Trigonometry Quiz

The values are: $\cos(-765^\circ) = \cos(765^\circ) = \cos(360^\circ + 405^\circ) = \cos(45^\circ) = \frac{\sqrt{2}}{2}$, $\sin(105^\circ) = \sin(90^\circ + 15^\circ) = \sin(15^\circ) = \frac{1}{2}(\sqrt{6} - \sqrt{2})$, and $\sin(100^\circ) = \sin(90^\circ + 10^\circ) = \sin(10^\circ) = \frac{1}{2}(\sqrt{5} - 1)$.

The value is: $\sin(150^\circ) + \cos(300^\circ) - \tan(315^\circ) + \sec(3660^\circ) = \frac{1}{2} + \frac{1}{2} - 1 + 1 = 1$.

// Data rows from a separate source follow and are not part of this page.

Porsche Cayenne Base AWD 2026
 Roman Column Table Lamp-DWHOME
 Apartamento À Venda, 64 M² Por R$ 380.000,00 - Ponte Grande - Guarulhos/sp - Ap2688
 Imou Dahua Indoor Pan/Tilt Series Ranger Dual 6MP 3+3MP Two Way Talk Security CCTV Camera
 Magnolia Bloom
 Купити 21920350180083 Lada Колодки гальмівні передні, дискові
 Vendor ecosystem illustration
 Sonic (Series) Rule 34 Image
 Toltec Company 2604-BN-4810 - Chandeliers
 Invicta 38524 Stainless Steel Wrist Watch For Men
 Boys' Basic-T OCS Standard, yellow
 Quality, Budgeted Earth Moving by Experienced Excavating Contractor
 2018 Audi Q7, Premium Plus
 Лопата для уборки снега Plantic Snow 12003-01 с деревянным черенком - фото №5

The value is: $\sin(420^\circ) \cos(390^\circ) + \sin(-330^\circ) \cos(-300^\circ) = \sin(60^\circ) \cos(30^\circ) + \sin(30^\circ) \cos(60^\circ) = \frac{\sqrt{3}}{2} \cdot \frac{\sqrt{3}}{2} + \frac{1}{2} \cdot \frac{1}{2} = \frac{3}{4} + \frac{1}{4} = 1$.

Using the identity $\cos 2\theta = 2\cos^2\theta - 1$, we have $2\cos 20^\circ \cos 40^\circ \cos 80^\circ - 1 = 0$, so $\cos 20^\circ \cos 40^\circ \cos 80^\circ = \frac{1}{2}$.

Using the identity $\sin 2\theta = 2\sin\theta\cos\theta$, we have $4\sin(20^\circ) \sin(40^\circ) \sin(60^\circ) \sin(80^\circ) = \frac{3}{2}$, so $8\sin(10^\circ) \sin(30^\circ) \sin(50^\circ) \sin(70^\circ) = \frac{3}{2}$.